REQUIRED WORK:
Given the material below, return only the lines starting at the line with "プレール・ドゥーク赤羽の浴室|洗面台付きのバスルーム！" and ending at the line with "Blue Mountains Heritage", exactly as they appear.

ENTRIES SHOWN:

------------------------------------------------------------

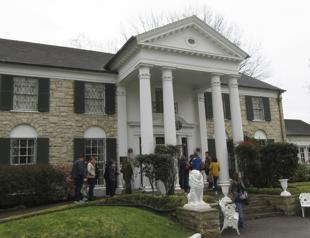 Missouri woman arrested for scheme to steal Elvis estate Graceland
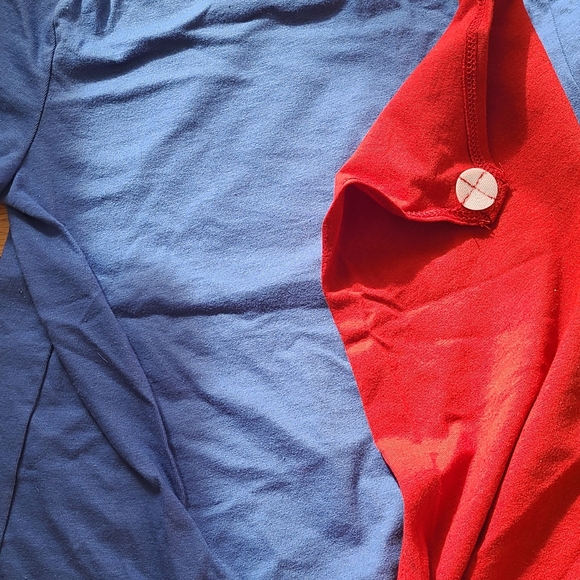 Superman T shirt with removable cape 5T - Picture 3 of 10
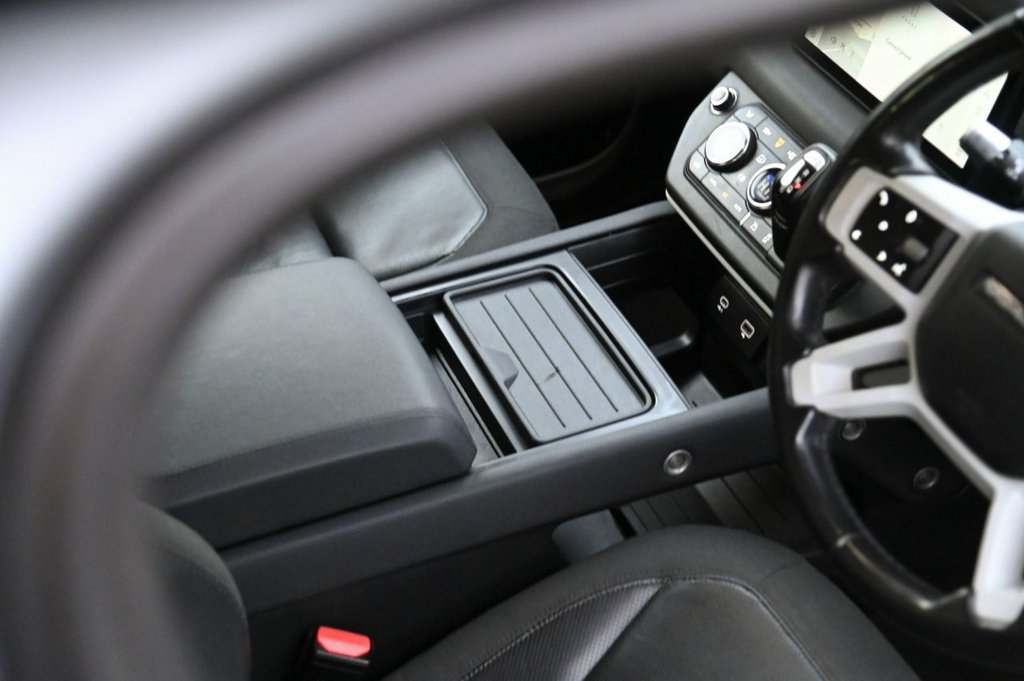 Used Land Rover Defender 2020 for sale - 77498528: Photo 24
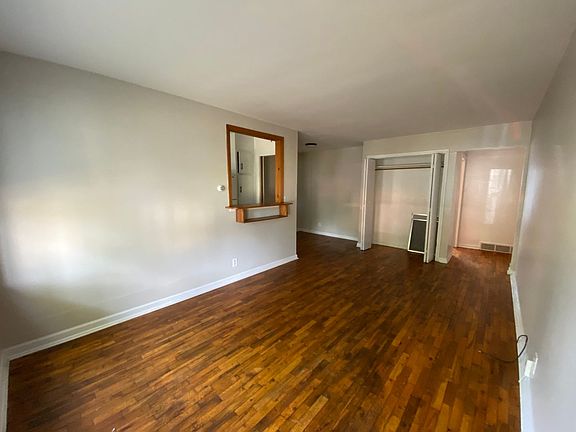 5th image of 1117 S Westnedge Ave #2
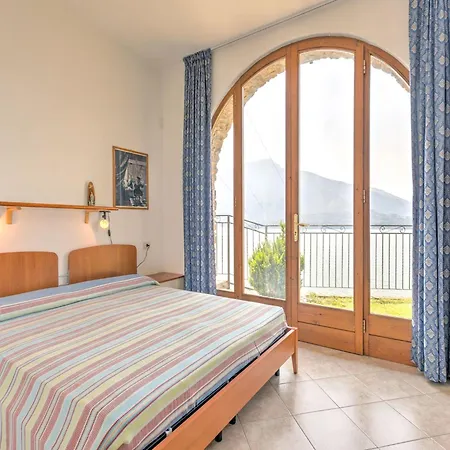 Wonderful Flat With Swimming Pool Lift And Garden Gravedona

------------------------------------------------------------

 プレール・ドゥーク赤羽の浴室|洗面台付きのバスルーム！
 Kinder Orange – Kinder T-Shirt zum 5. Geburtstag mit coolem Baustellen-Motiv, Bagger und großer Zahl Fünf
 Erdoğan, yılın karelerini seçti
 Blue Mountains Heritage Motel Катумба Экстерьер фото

------------------------------------------------------------

RESPONSE:
 プレール・ドゥーク赤羽の浴室|洗面台付きのバスルーム！
 Kinder Orange – Kinder T-Shirt zum 5. Geburtstag mit coolem Baustellen-Motiv, Bagger und großer Zahl Fünf
 Erdoğan, yılın karelerini seçti
 Blue Mountains Heritage Motel Катумба Экстерьер фото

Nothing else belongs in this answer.